More precisely, the project aims to study independent theories, those with the independence property. The following interrelated test problems guide the work in this project. The first concerns characterizing saturated models of simple theories in a way analogous to the known characterization for stable theories, as a test problem for understanding of the building blocks of simple unstable theories. An approach to this question, of independent interest, involves developing a recently introduced generalization of forking. A second problem involves characterizing and developing a structure theory for a certain interesting class of simple theories 'near' the random graph. A third is to investigate the structure of quotients of Keisler's order. A fourth is to find true dividing lines within the class of independent theories and in parallel to develop the internal theory justifying these as dividing lines.
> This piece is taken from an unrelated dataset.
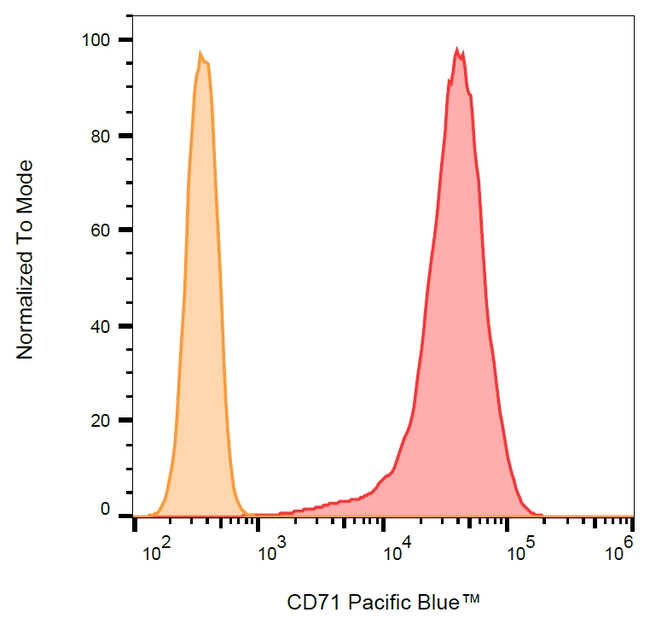 CD71 Antibody in Flow Cytometry (Flow)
These questions themselves connect to the classical problem of understanding the so called Keisler order, whose structure on dependent theories is known but whose structure on the independent theories remains in some senses mysterious.

This award reflects NSF's statutory mission and has been deemed worthy of support through evaluation using the Foundation's intellectual merit and broader impacts review criteria.

National Science Foundation (NSF)
Division of Mathematical Sciences (DMS)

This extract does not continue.